Frustrating maybe, because the hooks are played so well. Listening to them is like taking one of those elevator freefall rides at the amusement park: a hell of a good time for 30 seconds but you wish it lasted longer. Imagine a quick-change up-tempo band like Mr. Bungle without every last drop of extraneous razzmatazz. I'd see them again in a minute, but only because I want one more chance to catch that half-minute high.

"We all love metal. But an 8-minute metal song is self-indulgent and boring, and we're hypercritical and impatient. So we take the best parts and trim the fat," explains Jake Fiedler, the drummer who has to keep the lickety-split changes from careening out of control. "It's not easy. It can take months to work out a detail. We practice with a computer to repeat changes, and then burn the hooks into our little CD-ROM memories."

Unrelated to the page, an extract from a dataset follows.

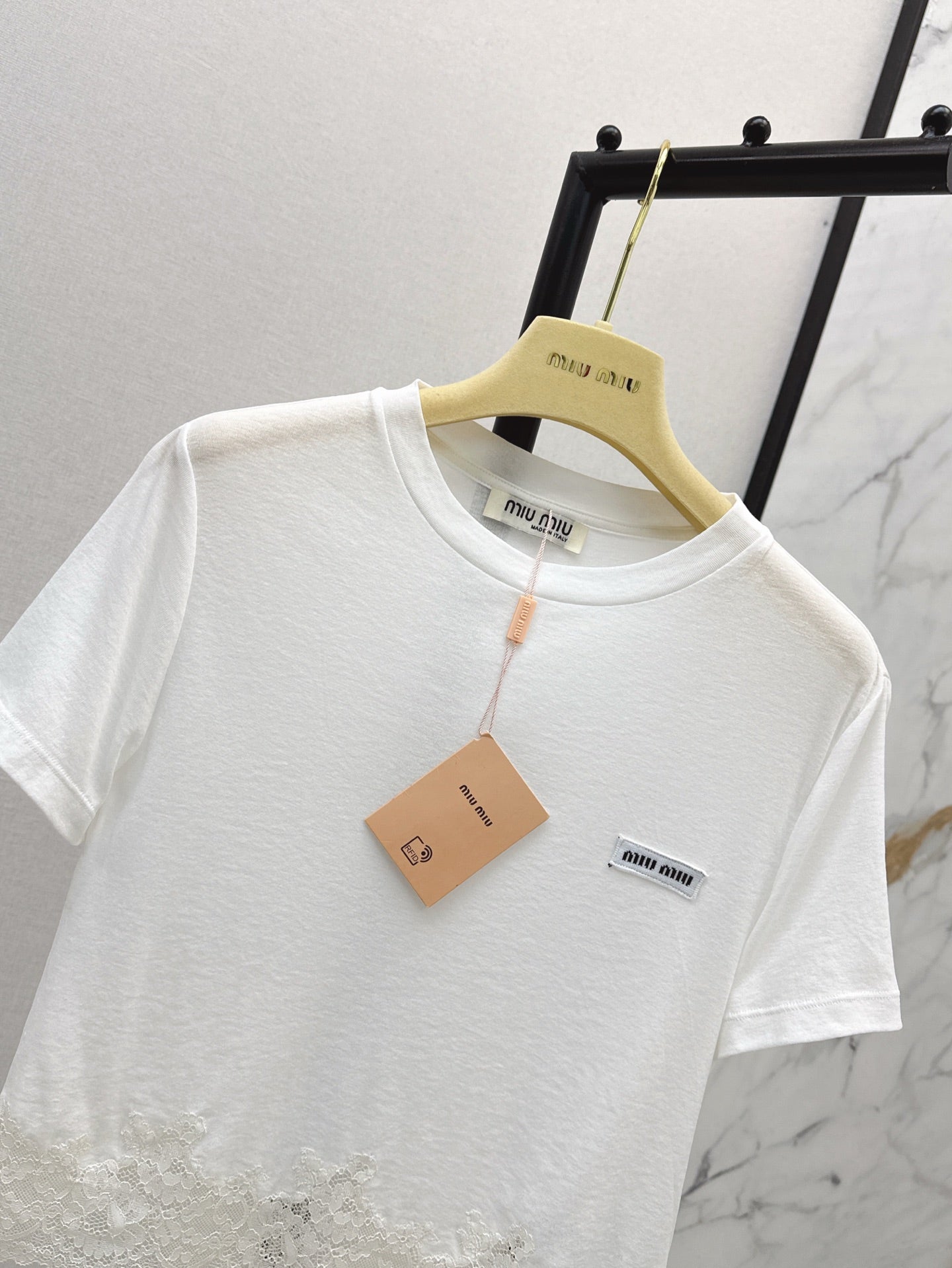 Miu 25ss lace t-shirt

Whereas Ex Models were tight and fast, the Liars were groovy and rawkish. When they started the crowd in the back lit up jays. The lead singer (Angus Andrew) pranced onto the stage in a trashy mesh trucker hat and grinned boyishly to the crowd. He brought some sort of analog-delay voice pedal that put a hollow echo on his voice, making it sound druggey. The bass guy (Pat Noecker) began by emanating some spacey theremin-like noises from an electronic box, while the drummer (Ron Albertson) kept a steady beat on the downlow. I don’t think he had a true crash symbol. The guitarist, Aaron Hemphill, picked up the melodies and added the spazz and backing vocals to give the band its true definition.

Angus looked like a cross between Thurston Moore and Justin Bond, with an Aussie/Queen’s English (actually Australian) nasal tone. Tall and scraggly-haired, arty and campy, he liked to touch himself on stage and pose.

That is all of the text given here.